Il feudo di Serradifalco si trova iscritto sin dal secolo XIV nella Contea di Caltenissetta, le terre della Serra del Falcone erano proprietà di Berengario Angileri che le ricevette per dono da Pietro I d'Aragona.
Nel 1493 il primo conte Giovanni Tommaso Moncada lo vendette a Niccolò Barresi di Pietraperzia in seguito Serradifalco appartenne ad Antonio Rizzono, a Raimondo Moncada, a Giovanni Luigi Settimo, ad Antonio La Rocca e a Francesco Graffeo che fu nominato barone di Serradifalco a seguito della licenza di popolare "jus populandi" concessa al barone dall'ufficio del protonotaro del regno il 6 Dicembre 1640; governatore del Regno in quell'anno era Mons. Pietro Corsetto vescovo di Cefalù. A causa della giovane età del barone Francesco Graffeo a rappresentare i suoi interessi era sua nonna donna Maria Ventimiglia e Sarzana alla quale la licenza di popolare concedeva la facoltà di riunire una nuova popolazione e costruire nuove abitazione nonchè l'utilizzo, in esclusiva, di tutte le risorse naturali del feudo.

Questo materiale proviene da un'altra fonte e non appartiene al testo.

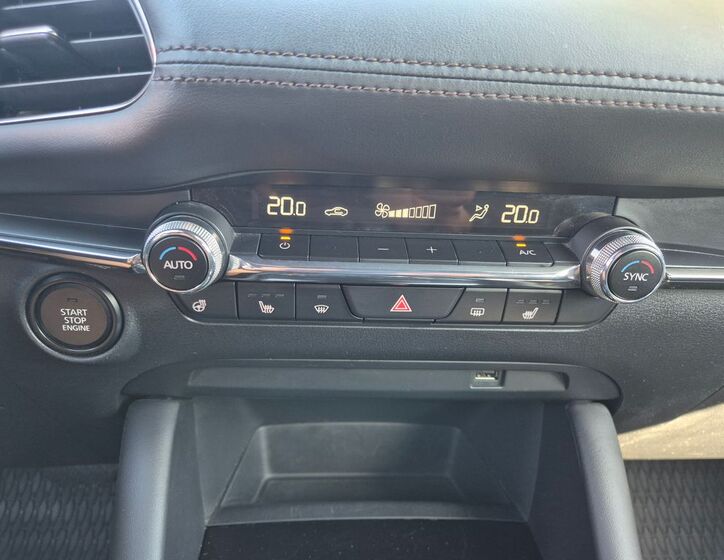 Mazda 3 28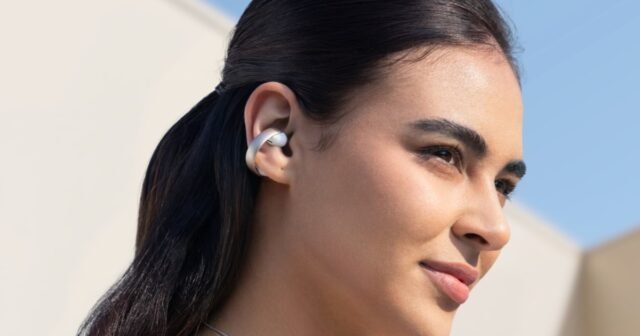 soundcore-aeroclip-ear-2.jpg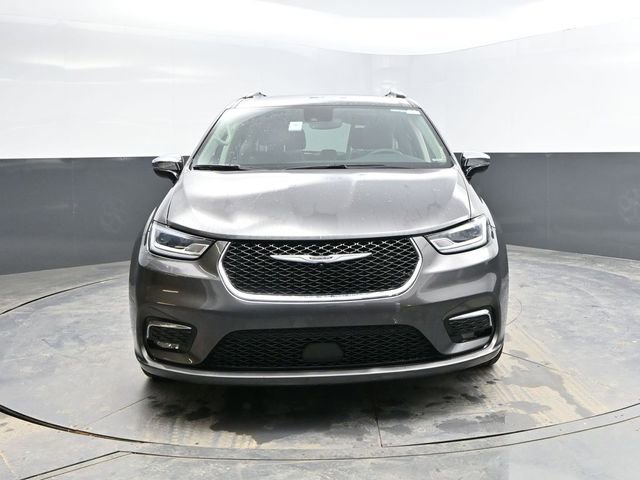 Used 2023 Chrysler Pacifica Limited FWD image 2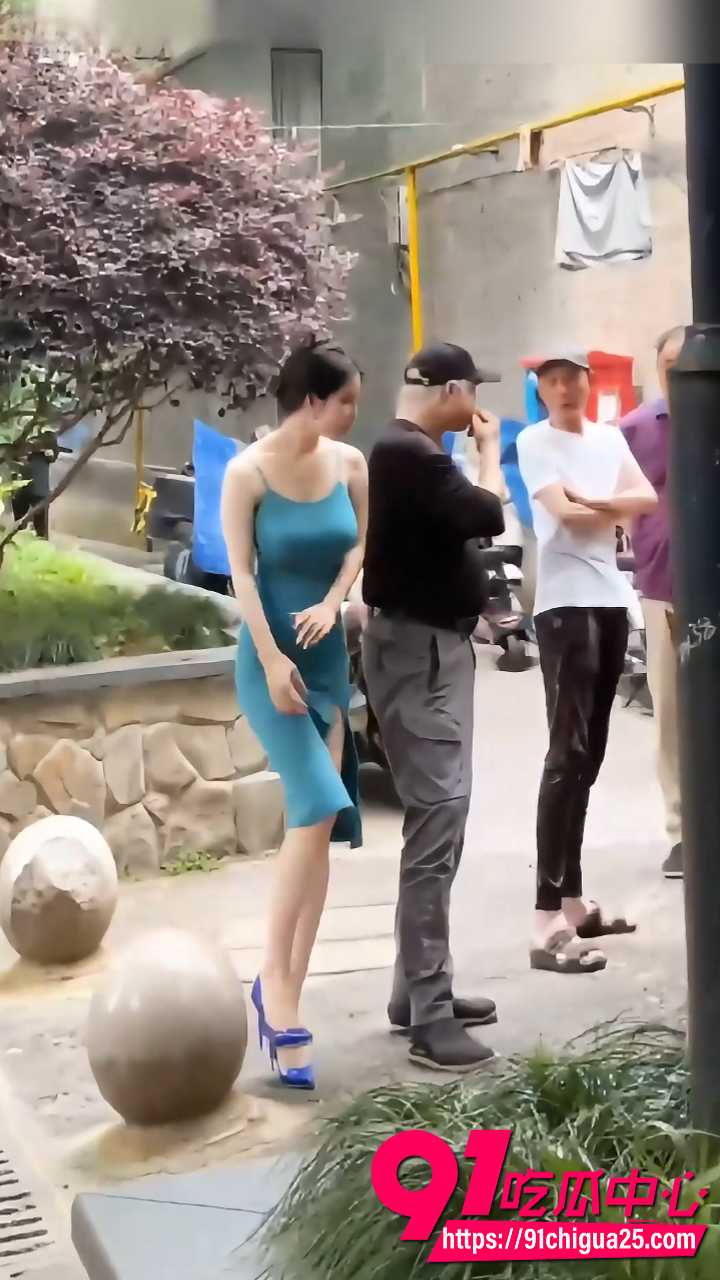 绿帽儿子爱看反差母狗妈妈巨乳翘臀被群男轮干1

Dopo 35 anni di signoria dei Graffeo il 15 maggio 1652 il feudo ed il titolo di barone di Serradifalco vengono venduti al palermitano Leonardo Lo Faso che diventa primo barone di casa Lo Faso, si deve a lui il vero e proprio sviluppo economico e demografico del comune di Serradifalco. La famiglia Lo Faso non era di origine siciliana ma lombarda; il primo Lo Faso a giungere in Sicilia fu Antonio che nel 1243 fu nominato da Federico II governatore di Caltanissetta.